There is one 'gotcha', DeployStudio itself can only auto-rename 'by-host' preference files if those files are already in the image being restored, because a 'thin' image does not have these I have to copy those preference files to the client after the image has been restored, I therefore have had to write my own script to do this renaming after I copy the files. In recognition of this issue the DeployStudio team have announced that they are going to add a new workflow command that will let you rename such files after imaging but during the workflow and hence it will no longer be necessary to use your own script to do this.
With regards to preventing undesired imaging restores, this is going to be a trade-off, if you do not store the DeployStudio runtime credentials in the netboot image, or use deliberately incorrect ones, then only someone who knows the correct credentials and manually enters them will be able to do a restore. However this would prevent a totally automated solution, it is possible for example to set machines to auto-reboot at a specific time and auto-run a restore - like presumably Apple Stores do overnight. Or as already suggested you could set your imaging server to only be online at specific times, hypothetically you could have a script to turn on DeployStudio late at night and to turn it back off in the early morning.
Strontium90: Thanks for your input. I'm afraid your approach simply wouldn't work for my company. We are an international company with Desktop Support engineers accross the nation and offices around the world. We need to be able to deploy images in a centrally managed fashion, to remote sites.
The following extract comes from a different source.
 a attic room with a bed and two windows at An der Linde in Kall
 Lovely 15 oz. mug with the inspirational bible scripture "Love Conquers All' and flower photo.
For example, in a scenario where a user in America needs their machine reimaged for what ever reason, it would be impracticle to send it all the way over here to be imaged, or for us to send them a replacement machine. We also lack the time, at this point, to deploy a server for imaging purposes to various sites, as I am essentially the only person in the entire company capable of doing so. So I would be required to bend the laws of physics in order to travel and work at each of the sites, unless I could clone myself somehow...(goes off to the mad scientist lab to carry out work).
John Lockwood: You're definately thinking more along our lines. Since I haven't got time to explore the various potential solutions for imaging, I've arranged for a third party to draw up a Statement of Work, that may include the implementation of a Deploy Studio solution. In the mean time, I have no choice but to assume that they won't be able to deliver (I'm so short on time that I must try to prepare for all eventuallities as best I can).
However, while the replies in this thread are all helpful and enlightening (I truly appreciate them), they are some what divergent from the question I originally posed, which is how do we reconfigure our network for BSDP?
This thread has raised another question though; does Deploy Studio require a different network configuration, or does it utilise the same BSDP options?
DeployStudio uses the same underlying NetBoot technology and therefore the answer is yes it would use BSDP.
With regards to a geographically dispersed requirement, DeployStudio supports a master/slave configuration. You would have a master setup at HQ where you create all the settings etc, and it would auto-sync to the slaves which act as local points from which clients can image themselves. You could setup DeployStudio slave Mac minis and ship them out to remote locations.